The station platforms were established under Rue Auber for line 3; for line 7, under Avenue de l'Opéra; and for line 8, under Boulevard des Capucines; and partially under the Place de l'Opéra.

The three lines cross thanks to a common underground structure located under the square. The station is connected by underground passages with the Gare d'Auber (RER A) and, indirectly with the Havre – Caumartin station, then the Haussmann–Saint-Lazare station (RER E) and the stations Saint-Lazare and Saint-Augustin.

History

The Line 3 platforms opened on 19 October 1904 as part of the first section of the line opened between Père Lachaise and Villiers. A twenty metre high masonry well was built to avoid the need for heavy underpinning work when Line 7 and Line 8 were planned to be built. This work was affected by groundwater, which required the support of three concrete pillars, made by sinking caissons with workers digging out the mud with compressed air. The work lasted eleven months, from March 1903 to February 1904. It owes its name to the Garnier opera house, built by the architect Charles Garnier.

The Line 7 platforms opened on 5 November 1910 as part of the first section of the line opened between Opéra and Porte de la Villette. The Line 8 platforms opened on 13 July 1913 as part of the first section of the line opened between Opéra and Beaugrenelle (now Charles Michels station on Line 10) and then on 30 June 1928 when it was extended to Richelieu - Drouot.

From the 1950s to the 1980s, the walls in line 3 were covered with metal bodywork before their renovation in Andreu-Motte style. The platforms of Lines 7 and 8 were modernised from the early 1970s to 2007 in a unique style with three shades of blue (a dark tone for the Motte style seats and the vault and two others lighter shades for small square tiles). The station's name consisted of large raised white capital letters. This decoration, derived from the Mouton-Duvernet style, from which it notably adopted the characteristic lighting canopies, was sometimes nicknamed the "swimming pool". The blue ceiling was then repainted in white to increase the brightness. The entire layout was removed in 2007 when the station was renovated as part of the RATP Renouveau du métro programme. Only the Saint-Lazare station on Lines 12 and 13 had comparable decoration until the mid-2000s.
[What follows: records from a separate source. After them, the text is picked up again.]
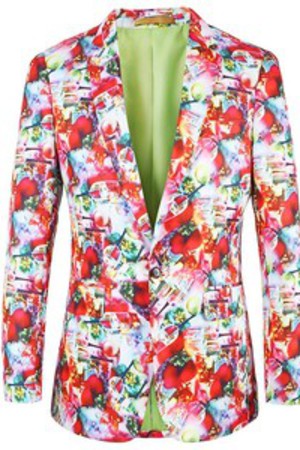 Mantel Frühling Herren Für Männer Fashion Floral Blazer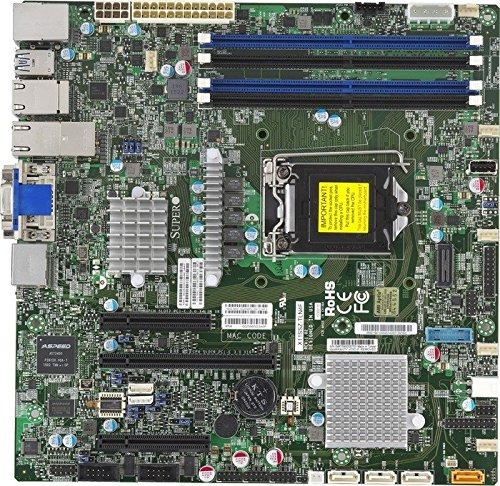 Supermicro Tarjeta Madre Micro Atx Ddr4 Lga 1151 X11ssz-o-tl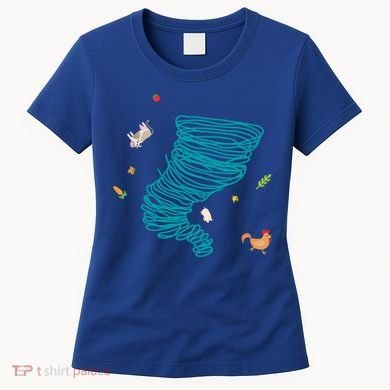 Funny Tornado Gift Weather Twister Hurricane Gift Women's T-Shirt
On 1 April 2016, the RATP replaced one of every two nameplates on the platforms of the three lines to make an April Fool for a day, like twelve other stations. Opera is humorously renamed "Apéro" by anagram.

In 2019, 10,501,357 travelers entered this station which places it at the 15th position of metro stations for its usage.

Passenger services

Access
The station has three accesses, two of which are on Place de l'Opéra and one on Place Charles-Garnier. In addition, at No. 43 Avenue de l'Opéra there is a simple exit.

Station layout

Platforms

The platforms of the three lines are of standard configuration. Two in number per stopping point, they are separated by the metro tracks located in the centre.

The platform for line 3 is established flush with the walls. The ceiling consists of a metal roof, whose beams, burgundy in colour, are supported by vertical pillars. The decoration is in the Andreu-Motte style with two burgundy light canopies, benches, tunnel exits and walls fitted with large white flat tiles in a stretched sandstone and purple Motte seats. On the other hand, the outlets of the corridors are fitted with standard white bevelled tiles. Advertisements are devoid of frames and the name of the station is written in Parisine font on enamelled plates. With Palais Royal - Musée du Louvre on line 1 and Concorde on line 8, this is one of three stations in the Andreu-Motte style to be treated in shades of purple, this shade being part of the lexicon exceptional colours for this decoration.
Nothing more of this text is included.